Dalam liputan investigasi yang diturunkan Anadolu Agency pada pertengahan 2020 mengungkapkan bahwa akar penyebab konflik dan kekacauan di Myanmar yang membuat orang-orang rohingya harus mengalami genosida dan terusir dari tanah kelahirannya adalah disebabkan campur tangan negara lain dalam usaha menguasai wilayah Arakan (bagian dari Rakhine) yang diakui memiliki kandungan gas alam dan emas dalam jumlah besar. Di antara negara tersebut ada nama Norwegia dan Singapura, dua negara yang terkenal makmur dan rutin mempromosikan demokrasi dan hak asasi manusia. Bahkan keduanya masuk kedalam jajajaran negara dengan tingkat pendapatan perkapita tertinggi di dunia.
Membaca kisah di atas seketika membawa kita pada sejarah kolonialisme Eropa di masa lalu. Bagaimana strategi kolonialisme berjalan untuk mengeruk kekayaan negara-negara jajahan, penduduknya dijadikan budak, dijadikan bodoh, diadu domba, dan sistem hukum dan pemerintahannya dibuat berantakan. Lalu, negara-negara Eropa tersebut mampu membangun peradaban yang lebih baik di negaranya berkat merampas apa yang dimiliki oleh negara-negara jajahannya ketika itu.
Tak syak lagi, banyak negara Eropa yang saat ini tergolong makmur adalah berkat menikmati surplus kolonialisme masa lalu. Dan hari ini mereka berusaha melanjutkannya tetapi dengan instrumen yang berbeda.

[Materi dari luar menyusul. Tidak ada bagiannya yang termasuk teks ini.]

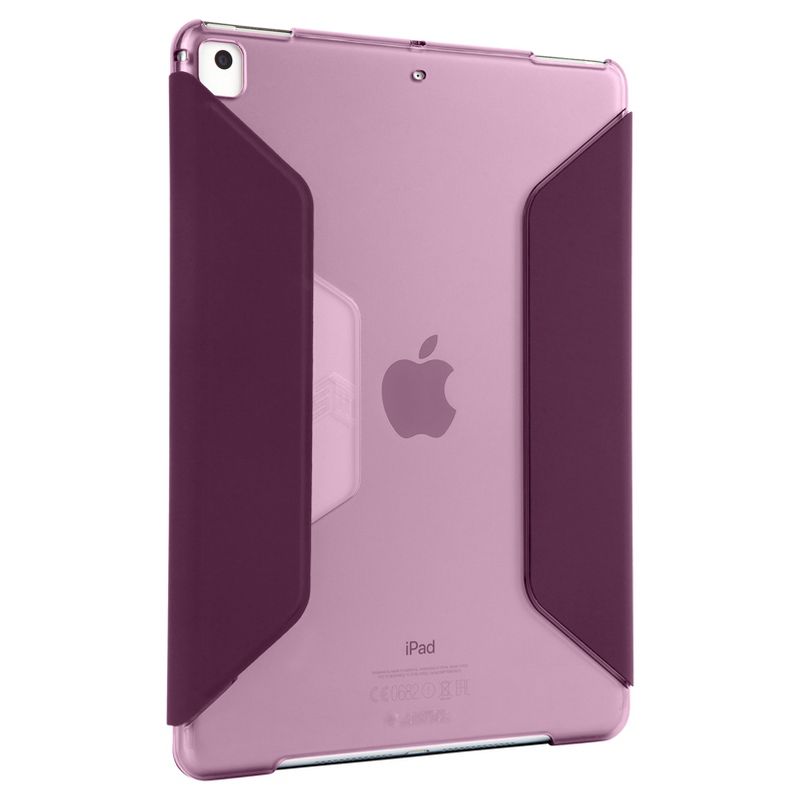 STM Studio for iPad 5th & 6th Generation 9.7", iPad Pro 9.7" and iPad Air 1-2 - Purple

Kekaguman apalagi yang tersisa setelah mengetahui kisah di atas? Artinya kemajuan-kemajuan negara lain yang selama ini kita kagumi ternyata hampir semuanya dibangun di atas mayat-mayat orang tak berdosa. Norwegia dengan tingkat kualitas pendidikannya yang diakui dunia ternyata punya peran terhadap matinya guru-guru di Rakhine akibat hasrat ekonomi esktraktif mereka.

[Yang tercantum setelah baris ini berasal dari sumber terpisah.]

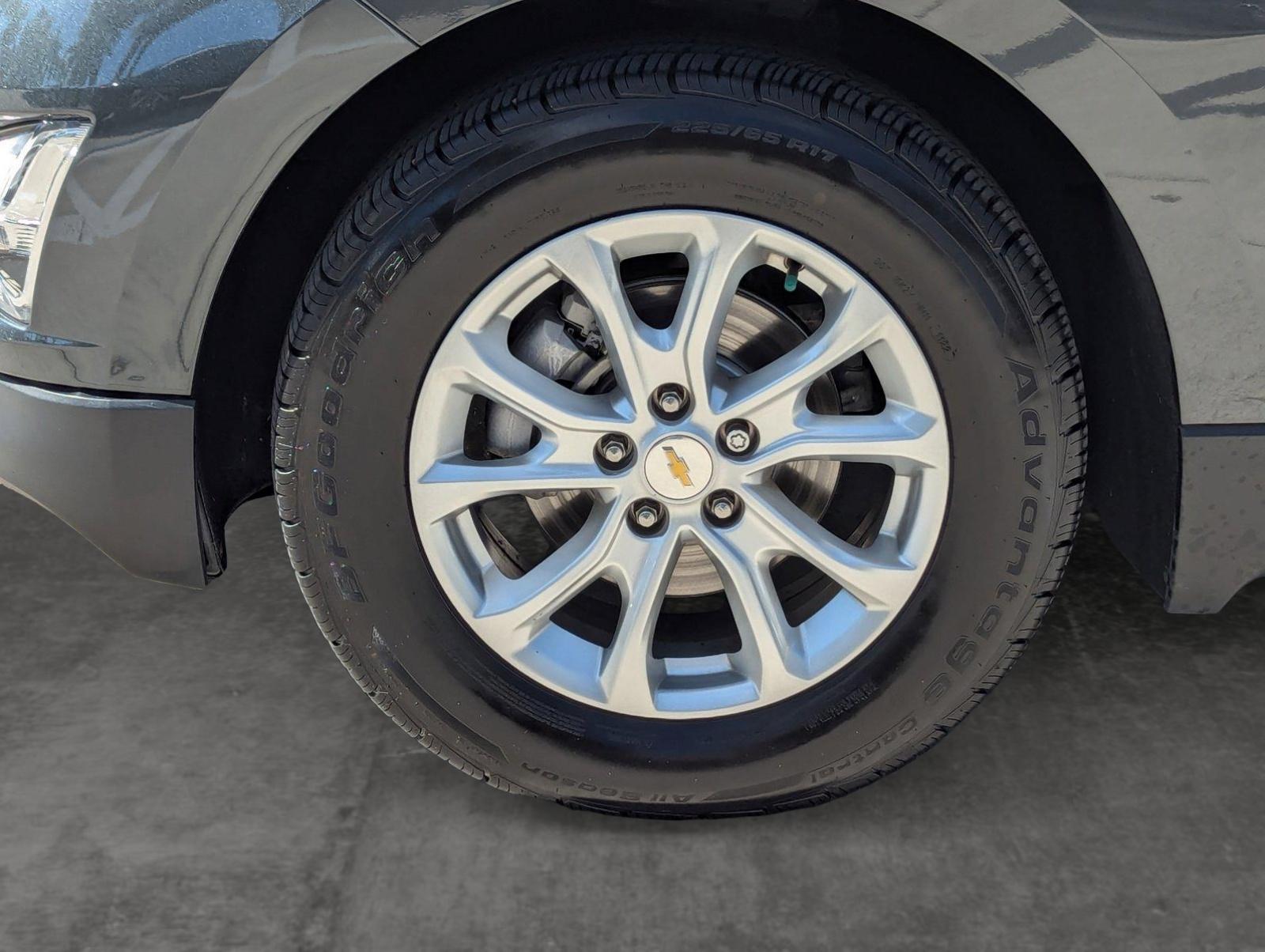 2019 Chevrolet Equinox Vehicle Photo in Pembroke Pines , FL 33027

Tulisan ini bermaksud untuk membuka ruang diskusi lebih jauh dengan harapan ada kesadaran yang dibangun di antara pembaca bahwa kemiskinan suatu negara dengan segala hiruk pikuknya seperti korupsi, kejahatan, konflik horizontal, pendidikan yang rendah dan lain-lain adalah fenomena yang tak dapat dipisahkan dari konteks dinamika politik global baik secara historis dan sistemik.
Pola-pola penjajahan di masa lalu, mendapatkan bentuk barunya hari ini. Berangkat dari kesadaran itu, upaya perlawanan terhadapnya tentu akan dilakukan tanpa kembali terjebak dalam logika kolonialisme yang saat ini telah berubah menjadi neo-kolonialisme.
Kebutuhan memahami pola tersebut amatlah penting, agar kita tak terjatuh pada kesimpulan bahwa bangsa Eropa adalah bangsa yang beradab karena mereka saat ini makmur, alamnya terjaga, bebas korupsi, pendidikan terbaik sedangkan bangsa Asia dan Afrika seperti Myanmar, Sudan, Rwanda, Irak, Yaman, Indonesia dan lain-lain adalah bangsa terbelakang karena mereka tak makmur, penuh dengan korupsi, kejahatan, narkoba, konflik horizontal, pendidikan rendah, alamnya rusak  tanpa melihat aspek historis dan sistemik yang menyebabkan terjadinya ketimpangan antar negara tersebut.